Each word in the data below should be copied exactly; the images should not.

### [INFORMATION SUPPLIED]
::::::::

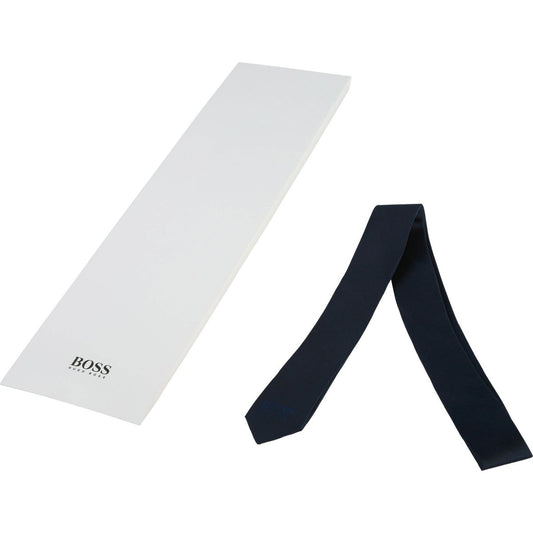 Hugo Boss Boys Navy Tie Ties Hugo Boss 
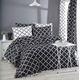 Lessentiel Maison Komplet posteljina Madalyon, 200x220 cm, Crna-Bela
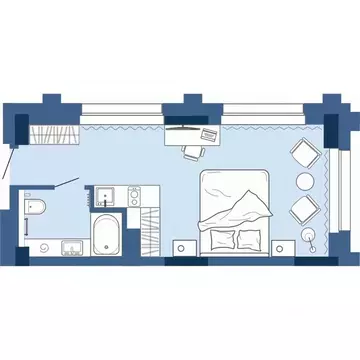 1-к кв. Новосибирская область, Новосибирск Аэропорт мкр,  (28.76 м)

::::::::

### [TASK ANSWER]
 Hugo Boss Boys Navy Tie Ties Hugo Boss 
 Lessentiel Maison Komplet posteljina Madalyon, 200x220 cm, Crna-Bela
 1-к кв. Новосибирская область, Новосибирск Аэропорт мкр,  (28.76 м)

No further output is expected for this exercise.